Oklahoma death row inmate Julius Jones could have his sentence commuted. The state’s pardon and parole board voted Monday (Sept. 13) to recommend Jones' death sentence be changed to life with the possibility of parole. The board voted 3-1 in Jones’ favor.
Jones, 41, faces execution for the 1999 carjacking and shooting of Paul Howell, an insurance executive who had returned from an ice cream run with his sister and his young daughters and had pulled into his parents’ driveway. The shooter managed to drive over Howell after shooting him in front of his family.
Jone was a freshman at the University of Oklahoma at the time. He and his legal team have argued that Jones’ high school acquaintance, Christopher Jordan, was responsible for the crime. They say the following evening, when Jordan stayed the night at Jones’ house, he planted the murder weapon and a red bandana witnesses said the murderer was wearing in Jones’ bedroom crawl space. Local publication The City Sentinel reports that the DNA on the bandana, according to Jones’ attorneys, didn’t match that of their client.
NBC news reports that Jordan has denied this, testifying that he drove the car with Jones the night of the murder but didn’t shoot Howell. Jordan received a life sentence on a murder charge after admitting to his role in the killing but was released after 15 years.
Jones said in his request for a commutation hearing that he was home having dinner with his parents the night Howell was killed. But at his 2000 trial, his attorneys did not call any witnesses on his behalf, and refused to call him to take the stand despite his willingness to testify on his own behalf.
Governor J. Kevin Stitt will have the final say on whether Jones' sentence will be commuted. According to the Oklahoman, he could be immediately eligible for parole because of time already served. Stitt could also choose to commute the sentence to life without parole.

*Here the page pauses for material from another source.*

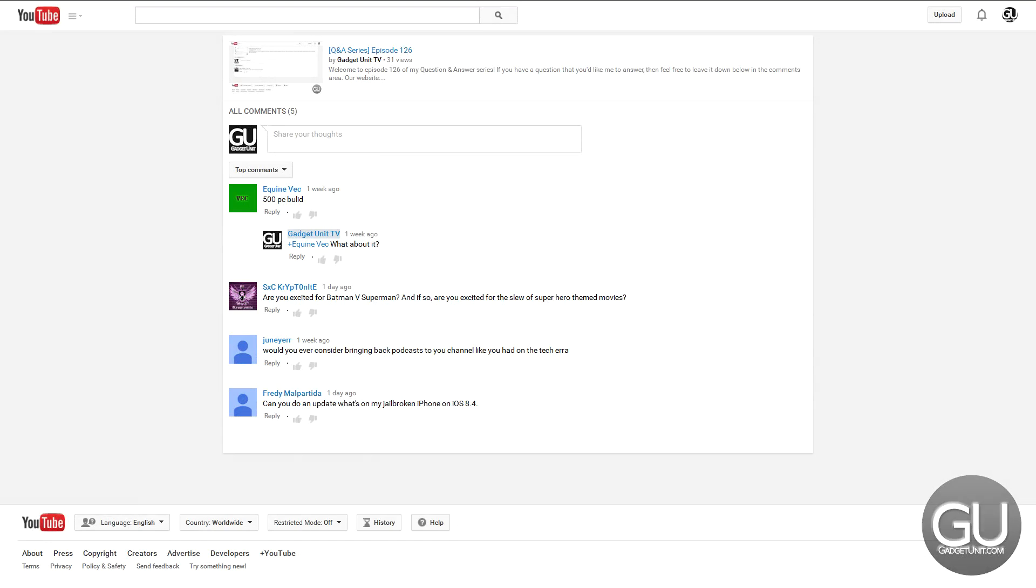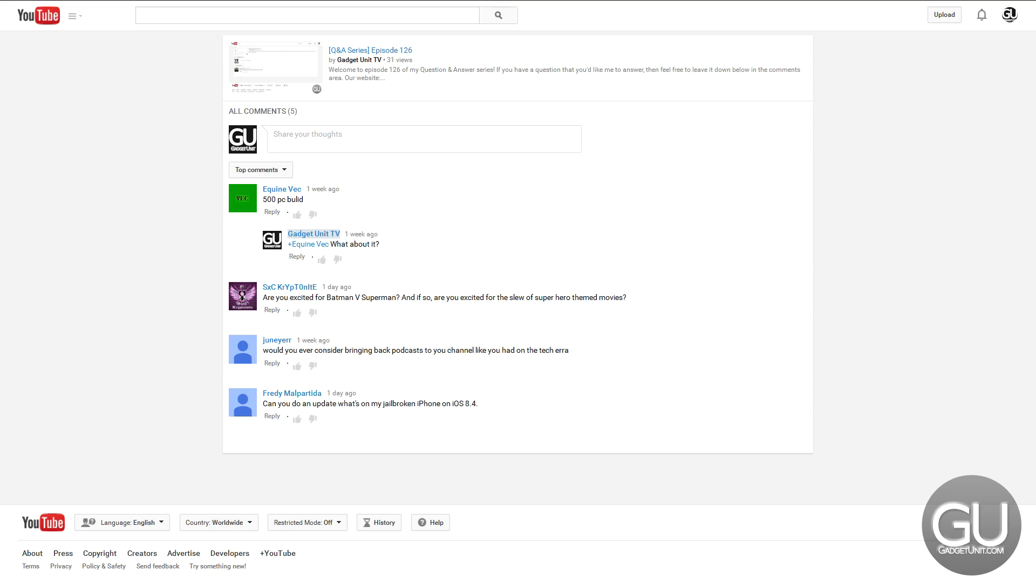Starting with Freddy Malpartita, can you do an update, what's on my jailbroken iPhone on iOS 8.4? My setup is exactly the same as it is on 8.3 and as it was on 8.1, so I probably won't do one at the moment because I just uploaded one not too long ago and it would be exactly the same as it was in those videos.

Jones’ case attracted support from celebrities and anti-death penalty activists. Kim Kardashian visited him last year at the Oklahoma State Penitentiary, and millions of people signed an online petition on his behalf.
Jones’ case also saw increased urgency recently after Oklahoma’s attorney general requested to schedule execution dates for seven death row prisoners, including Jones.
Oklahoma is the state with the third highest rate of prisoner executions.